--- START ---

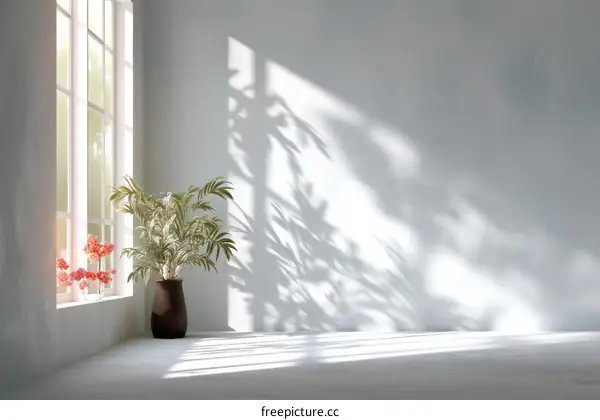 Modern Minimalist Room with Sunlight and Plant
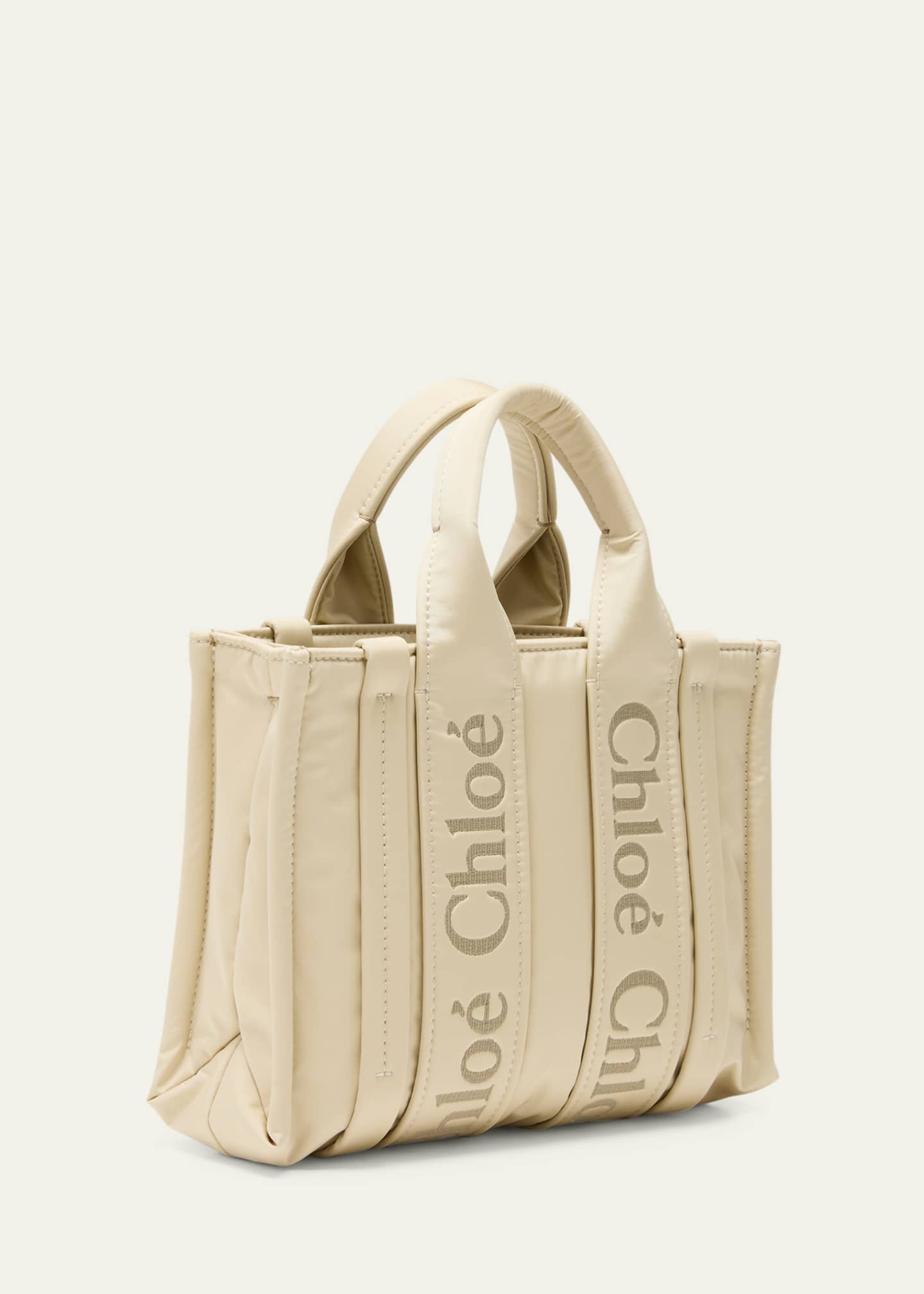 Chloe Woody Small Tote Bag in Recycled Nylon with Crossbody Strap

--- END ---
--- START ---

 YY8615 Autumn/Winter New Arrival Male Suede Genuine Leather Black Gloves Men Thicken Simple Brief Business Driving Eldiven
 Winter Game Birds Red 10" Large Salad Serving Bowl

--- END ---
--- START ---

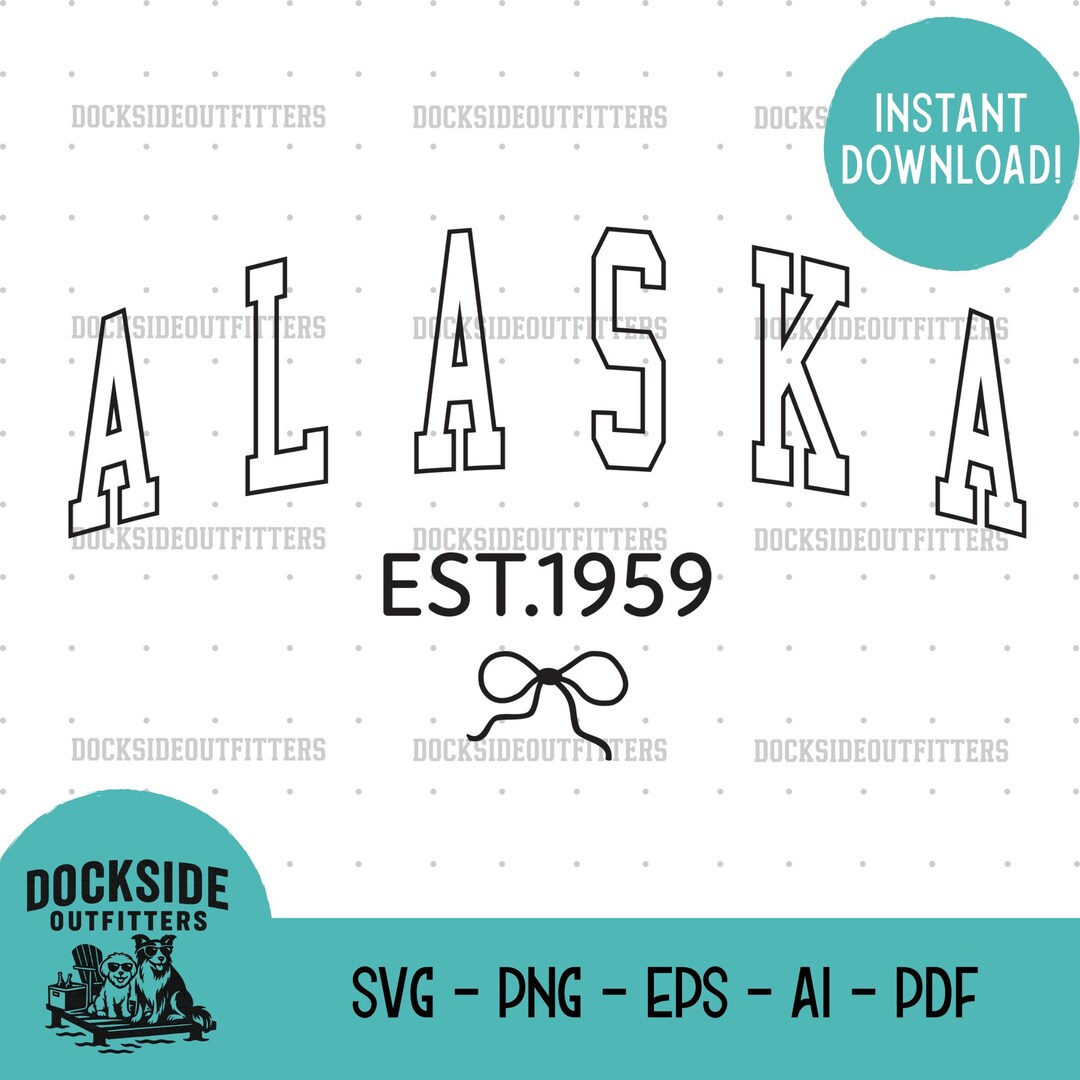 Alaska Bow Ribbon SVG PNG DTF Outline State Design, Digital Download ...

--- END ---

▶ Directions for this task
Give again exactly, and only, the lines above starting at the one with "YY8615 Autumn/Winter New" and ending at the one with "Winter Game Birds".

▶ Solution to the exercise
 YY8615 Autumn/Winter New Arrival Male Suede Genuine Leather Black Gloves Men Thicken Simple Brief Business Driving Eldiven
 Winter Game Birds Red 10" Large Salad Serving Bowl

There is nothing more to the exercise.